It gets very tiring to talk about the myriad ways in which white people blatantly appropriate Black culture. It's too much to talk about and there's not enough annoyance in the world to take offense to it all. But, sometimes, the idiocy reaches peak disrespect and a white child covers Fetty Wap's "Trap Queen" in a paean to the gods of whitewashing and, well, fuck that. Something has to be said.
Granted, Fetty Wap has transcended his initial audience and is now a burgeoning pop star, but that doesn't make his song about cooking cocaine with his girlfriend fair game.
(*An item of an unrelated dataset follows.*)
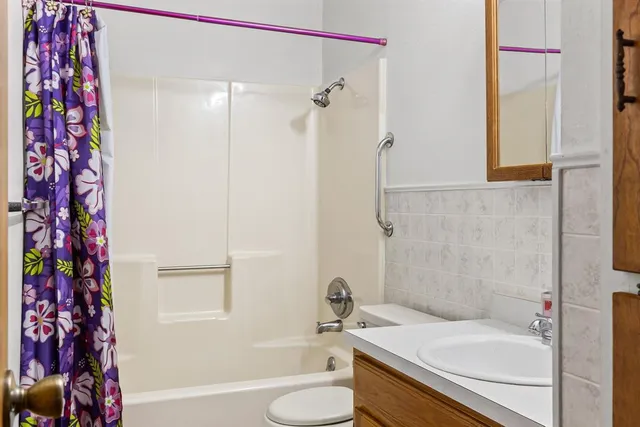 a view of a house with a yard and sitting area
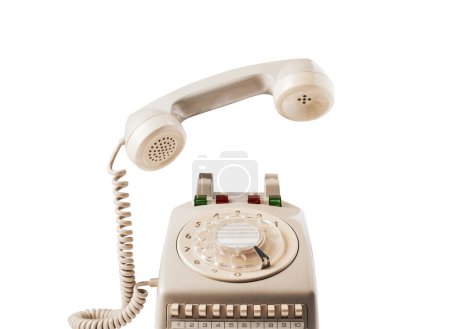 Foto de Recoger una llamada en un teléfono de marcación rotatoria, concepto de comunicaciones, pancarta con espacio para copiar - Imagen libre de derechos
The power of the song is in already its juxtapositions—it's a love song steeped in culling a hard option from dire circumstances; it’s a manifestation of street level feminism replete with his and her Lamborghinis and coed trips to the strip club. Subjecting it to full-press hipster racism doesn't make any new observations. In fact, it takes away from them. When young George Dalton sings about making pies with his baby, he's talking about actual pies, not cooking crack, which is a huge poetic step backward. (Thankfully, he's not buying his boo an actual lamb.)
The most disastrous aspect of this whole affair is that it supports a far right anti-hip-hop argument that says that rap music is some sort of Trojan Horse for bringing down American Values™, as opposed to the implications of the original song, which serve as an indictment and fulfillment of the American Dream. Where Fetty takes what's available to him to pull himself up by his bootstraps, Dalton is simply introducing kids to desperate capitalism and escapist self-medication without any of the aspirational despair and melodic danger that makes "Trap Queen" resonate. One has to ask: Where are the parents here? But that's how white supremacy functions: If this were a Black child, it would ring as an indictment on the decaying structure of the Black family. But, because Dalton is white, it's "cute".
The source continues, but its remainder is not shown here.